いままで平和そのものだったこの町も、最近はとても物騒になったので、私は切り出しナイフを常に携行するようになった。2/14

当藩の内部抗争はますます激烈なものになり、女性剣士の永原玲子嬢は長刀で斬って斬って斬りまくったために、饅頭屋は饅頭でいっぱいになったのでした。2/12

集英社に行ったらいろいろな雑誌の編集者がどんどん出てきて、名刺も持っていない私に神保町商店街を活性化して焼肉ランチを売れるようにするプロジェクトなどに参加するように要請されたが、もはや商店街にも焼肉にも興味がないので早々に退出した。
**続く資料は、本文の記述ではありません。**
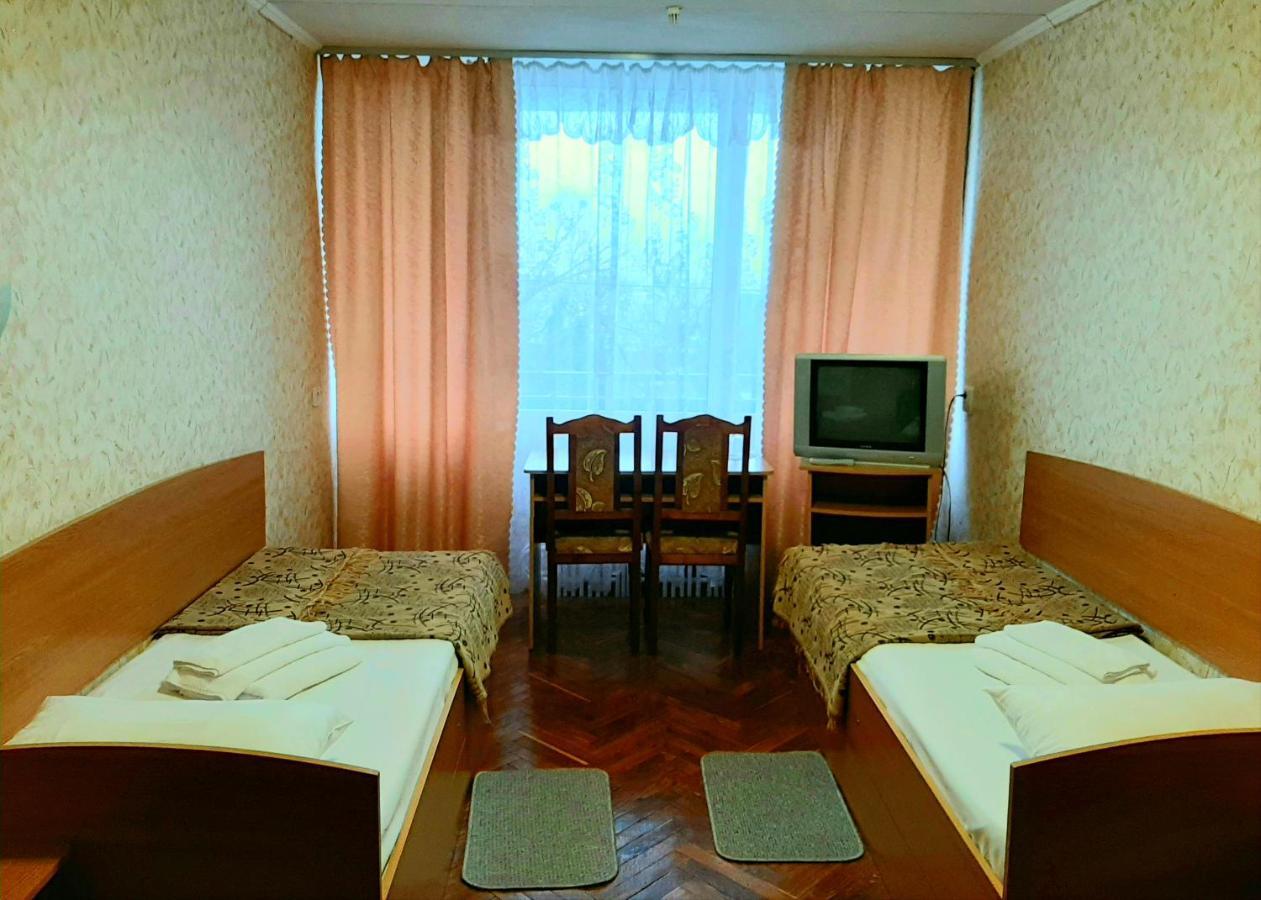 Tourist Hotel ハルキウ エクステリア 写真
2/12

この大学では就活指導と婚活を案内を同じ部屋でやっているので、ときどき混乱が起こる。ついさっきも面接指導を受けていた2人を結び付けようとした指導員が、大反発を受けていた。2/11

わが国初の国産宇宙船に乗り込んでいた私たちは、いよいよ着陸という際のトラブル発生でパニクって、窓の外に急接近する海にいつ飛び込もうかとハラハラドキドキしているのだった。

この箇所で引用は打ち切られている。